On May 12, the university will recognize Michaelson for 35 years of service, but if you add in the earlier years, he has worked at the farm well over 40 years. He will retire from the university May 31.
|David Weindorf, left, and Gary Michaelson take a core sample.|
He earned a bachelor’s degree in agricultural chemistry and soils from University of Arizona and a master’s degree in soil fertility from Iowa State University. For his master’s project, he studied the effects of nitrogen, phosphorus and potassium on barley and bromegrass grown on a newly cleared Delta Agricultural Project tract. When he went left for graduate school, the land in Delta was just being cleared.
Michaelson values his 30-year collaboration with soils Professor Chien-Lu Ping, who retired last December. “We worked together on everything, he said. “My strength was the lab and his was the field.”
They worked together in the field over the summers and he worked in the lab during the winters analyzing the soil samples and data. Over the years, he has worked on a variety of soils projects, studying the properties of volcanic soil, the soil fertility for the Delta and Point MacKenzie agricultural projects, carbon storage in arctic and subarctic soils, carbon flux in arctic soils and the properties of Interior Alaska’s black spruce soils.
Altogether, he published 17 peer-reviewed journal articles as the lead author and was listed as coauthor on twice that number.

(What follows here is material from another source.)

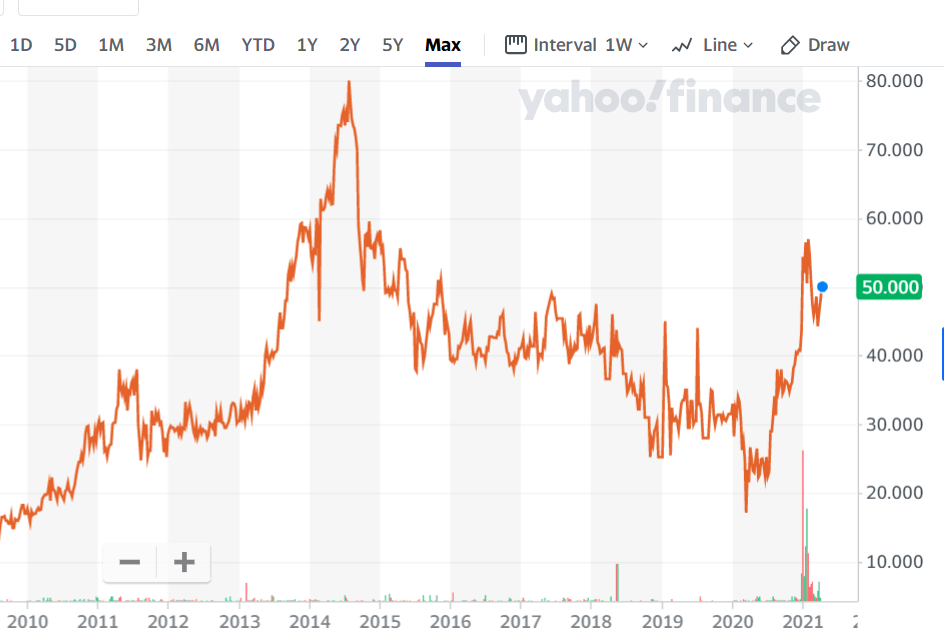 Hyundai Tucson For 2022: ICE Model Leads Automaker To Emissionless ...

Each project he worked on was different, he said. It was like getting a new job continually. “I enjoyed it all, really,” he says. Michaelson feels that together, he and Ping made a significant contribution to the USDA Natural Resources Conservation Service soils database, particularly for arctic soils. Before they started that work in the 1990s, there were only a few soil data points in the Arctic. Now there are well over 100. For each site, they dug into the permafrost, made detailed descriptions and measured soil properties, nutrients and carbon storage, sometimes participating in large interdisciplinary projects that lasted years. The database is used to develop projections on how climate change will affect the release of carbon stored in frozen soils. He said it was also satisfying that the results of their work were published so others can use their research.
Speaking from his home in Florida, Ping describes Michaelson as a dedicated and able researcher who also helped with the logistics of their work. “He was pretty indispensible in the operation,” he said. Ping notes that a 1996 journal article written by Michaelson is one of the most-cited journal articles on the subject of carbon storage and distribution in tundra soils. The paper has been cited more than 130 times in other journal articles.
Ping also notes that Michaelson worked as a technical advisor to the lab over the last 30 years. He compiled the lab manual, advised the lab tech on methodology, instrument calibration and troubleshooting. He has also helped the faculty teach the lab section of soil chemistry.
After he retires, Michaelson plans to stay in Palmer. He may continue some working on some projects with Ping, but he hopes to get out and do more things, such as traveling to Australia with his family to visit friends and family there. He also wants to do more hiking, kayaking, biking and other outdoor activities.